A panel moderated by Antonio De Negri of Otala.markets shed light on the evolving perception and regulation of cryptocurrencies, highlighting the increased legitimacy of Bitcoin and Ethereum.

There has been a convergence pattern occurring between Bitcoin and gold as their correlation drops to a three-year low this month. “[The two] married together is quite an interesting proposal,” said Jigna Gibb, head of commodities and crypto index products at Bloomberg Indexes.

We’re generally seeing more and more acceptance and legitimization of digital assets - Jigna Gibb, Bloomberg Indexes

Thirty-day volatility in gold climbed above 44%, the highest level since the 2008 financial crisis. That surpassed the roughly 39% for Bitcoin, Bloomberg data showed in early February.

The former investment banker pointed to Bitcoin’s resilience following the April 2025 “Liberation Day” tariff announcements, noting its strong rebound after the initial shock.

Bitcoin tends to be neutral against traditional assets, but the role in correlation, for example with tech stocks and software companies, has emerged to be quite high, said Gibb.

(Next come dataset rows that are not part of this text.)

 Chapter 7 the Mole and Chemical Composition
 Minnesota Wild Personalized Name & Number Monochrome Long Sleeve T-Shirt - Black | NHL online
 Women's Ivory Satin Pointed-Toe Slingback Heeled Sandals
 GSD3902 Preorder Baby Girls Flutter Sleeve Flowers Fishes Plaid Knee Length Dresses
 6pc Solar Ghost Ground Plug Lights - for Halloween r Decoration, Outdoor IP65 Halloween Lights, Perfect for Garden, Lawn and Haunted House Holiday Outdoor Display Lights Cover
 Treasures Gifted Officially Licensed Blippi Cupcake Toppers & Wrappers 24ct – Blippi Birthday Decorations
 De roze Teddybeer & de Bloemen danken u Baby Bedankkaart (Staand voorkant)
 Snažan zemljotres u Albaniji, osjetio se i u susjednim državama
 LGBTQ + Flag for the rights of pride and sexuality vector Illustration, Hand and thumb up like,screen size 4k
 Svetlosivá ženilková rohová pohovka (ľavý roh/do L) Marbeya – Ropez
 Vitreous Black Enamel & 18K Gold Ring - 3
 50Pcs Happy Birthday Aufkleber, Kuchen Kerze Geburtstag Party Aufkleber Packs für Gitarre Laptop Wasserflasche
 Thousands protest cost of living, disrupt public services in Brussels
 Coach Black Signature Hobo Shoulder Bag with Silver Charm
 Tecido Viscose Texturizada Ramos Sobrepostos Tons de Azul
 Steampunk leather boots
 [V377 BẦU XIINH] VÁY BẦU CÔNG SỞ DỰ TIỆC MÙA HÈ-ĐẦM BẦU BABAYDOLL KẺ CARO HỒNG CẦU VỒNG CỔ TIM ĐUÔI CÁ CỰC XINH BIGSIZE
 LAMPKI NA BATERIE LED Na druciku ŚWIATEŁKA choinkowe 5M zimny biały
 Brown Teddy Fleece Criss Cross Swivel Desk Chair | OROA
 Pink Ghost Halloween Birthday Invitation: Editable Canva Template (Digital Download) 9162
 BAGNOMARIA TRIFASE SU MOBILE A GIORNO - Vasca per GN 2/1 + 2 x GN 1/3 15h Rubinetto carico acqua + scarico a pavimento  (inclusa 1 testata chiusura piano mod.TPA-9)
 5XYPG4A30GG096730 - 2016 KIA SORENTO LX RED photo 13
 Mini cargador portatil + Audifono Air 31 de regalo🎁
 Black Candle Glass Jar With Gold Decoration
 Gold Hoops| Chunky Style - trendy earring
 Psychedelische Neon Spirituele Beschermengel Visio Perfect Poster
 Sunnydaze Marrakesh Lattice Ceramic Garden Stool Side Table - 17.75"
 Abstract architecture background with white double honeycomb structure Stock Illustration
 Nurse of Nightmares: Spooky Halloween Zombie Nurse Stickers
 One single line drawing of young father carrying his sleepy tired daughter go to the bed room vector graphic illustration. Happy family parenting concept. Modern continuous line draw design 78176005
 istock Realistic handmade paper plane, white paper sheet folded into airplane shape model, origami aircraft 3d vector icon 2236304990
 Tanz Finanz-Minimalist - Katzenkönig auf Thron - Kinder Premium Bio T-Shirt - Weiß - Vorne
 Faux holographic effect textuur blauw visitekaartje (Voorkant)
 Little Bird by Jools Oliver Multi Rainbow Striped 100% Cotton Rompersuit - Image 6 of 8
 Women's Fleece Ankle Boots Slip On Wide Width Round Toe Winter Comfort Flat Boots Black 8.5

“We’re generally seeing more and more acceptance and legitimization of digital assets,” she said, pointing to the US regulator’s greenlight to cryptocurrency-linked exchange-traded funds (ETFs) being the primary driver.

Left to right: Antonio De Negri (moderator), Otala.markets; Patrick Scholl, Mayer Brown; and Jigna Gibb, Bloomberg Indexes

Global digital assets under management (AuM) in exchange-traded products (ETPs) have reached shy of US$300 billion as the AuM of gold ETFs exceeded US$600 billion at a record level, according to Gibb citing Bloomberg data.

We have still a dividing view within regulators in Europe when it comes to crypto assets - Patrick Scholl, Mayer Brown

“[It is] not quite the popularity that we’re getting with the more mainstream asset, but we are definitely seeing more interest [in digital assets],” she said.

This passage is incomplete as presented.